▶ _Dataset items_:
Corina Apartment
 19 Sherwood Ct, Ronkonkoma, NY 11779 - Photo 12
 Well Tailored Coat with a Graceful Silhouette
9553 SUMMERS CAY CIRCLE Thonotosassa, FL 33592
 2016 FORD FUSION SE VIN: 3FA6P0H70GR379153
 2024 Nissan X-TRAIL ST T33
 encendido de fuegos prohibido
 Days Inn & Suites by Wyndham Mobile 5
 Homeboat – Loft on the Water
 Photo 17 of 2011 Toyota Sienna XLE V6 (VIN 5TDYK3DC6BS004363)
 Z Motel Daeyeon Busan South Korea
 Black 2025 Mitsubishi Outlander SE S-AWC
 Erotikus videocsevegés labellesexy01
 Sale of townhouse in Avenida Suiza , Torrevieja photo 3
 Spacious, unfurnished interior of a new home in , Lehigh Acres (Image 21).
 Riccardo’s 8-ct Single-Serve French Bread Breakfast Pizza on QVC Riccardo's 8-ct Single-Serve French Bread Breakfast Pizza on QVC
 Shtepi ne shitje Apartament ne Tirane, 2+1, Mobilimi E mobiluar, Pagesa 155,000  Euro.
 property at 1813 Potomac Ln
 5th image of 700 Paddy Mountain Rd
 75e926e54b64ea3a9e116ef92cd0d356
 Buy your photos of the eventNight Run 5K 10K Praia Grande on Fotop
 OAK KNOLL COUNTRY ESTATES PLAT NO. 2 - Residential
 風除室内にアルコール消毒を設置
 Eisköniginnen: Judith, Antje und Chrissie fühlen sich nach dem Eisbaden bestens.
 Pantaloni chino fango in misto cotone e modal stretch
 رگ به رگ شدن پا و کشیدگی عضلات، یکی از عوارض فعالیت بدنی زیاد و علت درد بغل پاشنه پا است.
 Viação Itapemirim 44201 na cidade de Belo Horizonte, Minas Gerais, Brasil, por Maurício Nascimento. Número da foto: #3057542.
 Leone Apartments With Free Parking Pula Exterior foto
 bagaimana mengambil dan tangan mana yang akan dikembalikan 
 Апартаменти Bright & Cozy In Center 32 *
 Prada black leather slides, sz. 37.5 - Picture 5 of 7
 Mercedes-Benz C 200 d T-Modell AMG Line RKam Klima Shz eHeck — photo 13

▶ _PROBLEM TO WORK ON_: All that is wanted is the lines from the one containing "Viação Itapemirim 44201" through the last line of the records, restated word for word.

▶ _OUTPUT FOR THIS EXERCISE_:
 Viação Itapemirim 44201 na cidade de Belo Horizonte, Minas Gerais, Brasil, por Maurício Nascimento. Número da foto: #3057542.
 Leone Apartments With Free Parking Pula Exterior foto
 bagaimana mengambil dan tangan mana yang akan dikembalikan 
 Апартаменти Bright & Cozy In Center 32 *
 Prada black leather slides, sz. 37.5 - Picture 5 of 7
 Mercedes-Benz C 200 d T-Modell AMG Line RKam Klima Shz eHeck — photo 13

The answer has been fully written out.